Varnum called Rep. Frederica Wilson, D-Fla., on June 28 “and left a voicemail threatening to kill the member if the bill was introduced.” His voicemail is… wildly inappropriate, and if you want to verify that claim yourself, TBD has the transcript, here.
Protip for veterans: Don’t lie about being a Navy SEAL. A man from Crofton, Md., had been doing that for years, according to friends, neighbors and even his wife, the Annapolis Capital-Gazette reported Thursday.
Said Don Shipley, of Cambridge, Md., "who has dedicated his time to exposing people who falsely claim to be SEALs," he told the Gazette, “No one is more targeted for fakes than Navy SEALs are, no branch of service or profession in this country. There are fewer than 10,000 living Navy SEALs in the country. There’s a thousand impostors for every living Navy SEAL. Your chances of bumping into a Navy SEAL are about as good as sitting in coach on an airplane next to Obama.”

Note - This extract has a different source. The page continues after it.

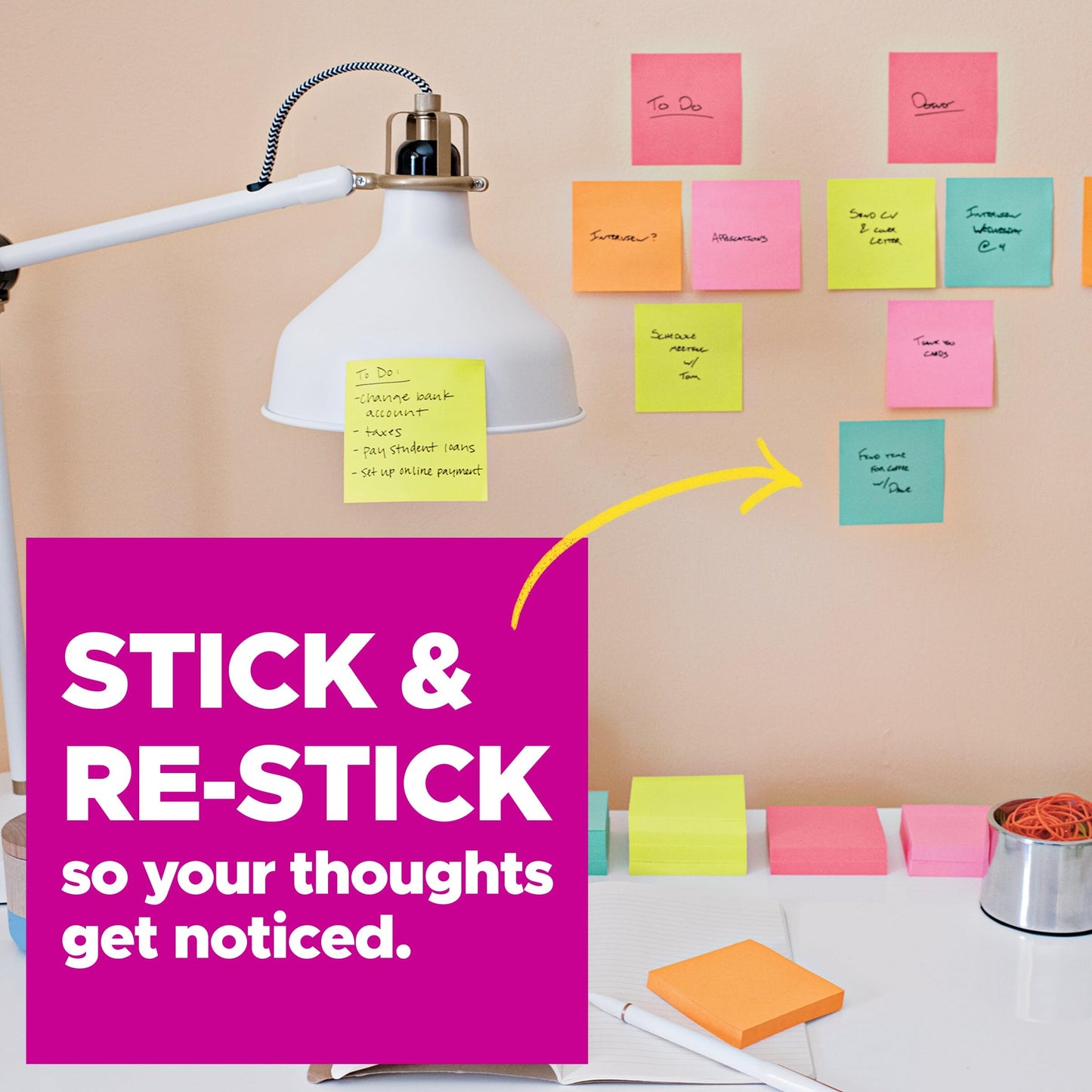 Post-it Super Sticky Notes, 18 Sticky Note Pads, 1 7/8 x 1 7/8 in., School Supplies, Office Products, Sticky Notes for Vertical Surfaces, Monitors, Walls and Windows, Energy Boost Collection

And finally this week: On the off-chance you missed it on Thursday, we now have a trailer for the next “Top Gun” movie, which seemed to be generating much more enthusiasm than criticism on social media.
“You should be at least a two-star admiral by now,” says Ed Harris to our protagonist. “Yet here you are: captain. Why is that?” Harris asks. “It’s one of life’s mysteries, sir,” Maverick responds. Watch the rest, here.
Have a safe weekend, everyone. And we’ll see you again on Monday!